Yes, the luasocket.receive() call blocks the OS thread.

sorry, I didn't get the format right

I mean please enclose your code samples into `-char repeated 3 times to make block of code

xHasKx avatar Jan 19 '22 05:01 xHasKx

But I set the ioloop timeout to one second and it didn't seem to work, so is block,why? Two devices same code, one working, one not working. I'll keep track. Thank you very much.

pxyove avatar Jan 19 '22 06:01 pxyove

  1. Try to uncomment print() debug code in luasocket.send() and luasocket.receive() functions to track MQTT traffic, maybe you can find a difference for the two devices
  2. Try to set timeout to 0.1

xHasKx avatar Jan 19 '22 07:01 xHasKx

I tried to do that, but two devices luasocket.send one and luasocket.receive three data, they are same. Thank you very much. I'll keep track.

pxyove avatar Jan 19 '22 07:01 pxyove

  1. Try to uncomment print() debug code in luasocket.send() and luasocket.receive() functions to track MQTT traffic, maybe you can find a difference for the two devices
  2. Try to set timeout to 0.1

Do you know the luasocket.settimeout of timeout where take effect and check.

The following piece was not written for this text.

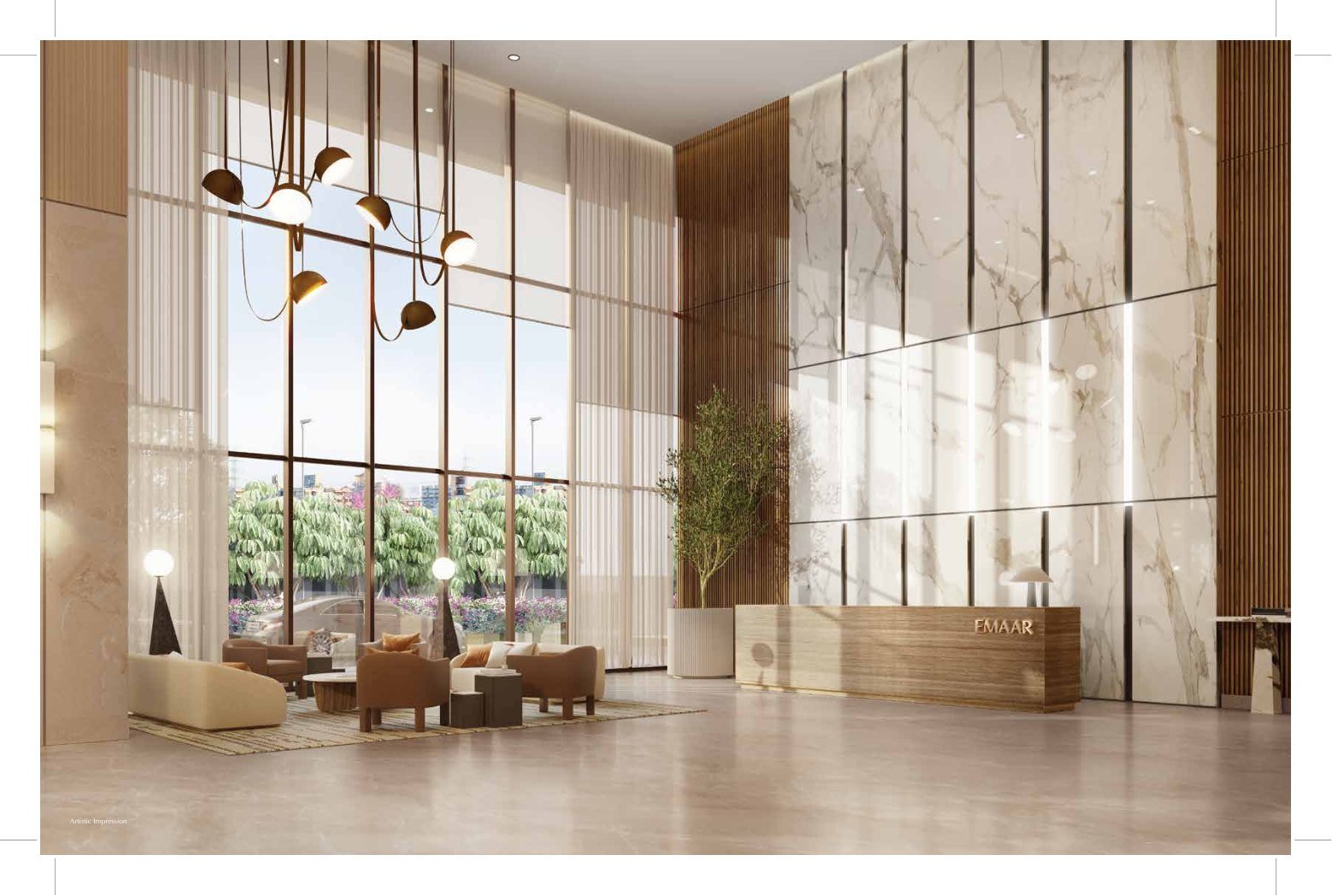 Emaar IBC Brochure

Because I'm suspicious of timeout no work

function luasocket.settimeout(conn, timeout)
	conn.timeout = timeout
	conn.sock:settimeout(timeout, "t")
end

pxyove avatar Jan 19 '22 07:01 pxyove

I mean

local mq_loop = ioloop.create {
        timeout = 0.1,
...
}

xHasKx avatar Jan 19 '22 07:01 xHasKx

I mean

local mq_loop = ioloop.create {
        timeout = 0.1,
...
}

I tried to do that, but two devices luasocket.send one and luasocket.receive three data, they are same.

pxyove avatar Jan 19 '22 08:01 pxyove

Sorry, accidentally hit Closed ioloop itself is non-blocking,but now it is blocking,I want to know where to check timeout(default 0.005) and take effect, do you know where ?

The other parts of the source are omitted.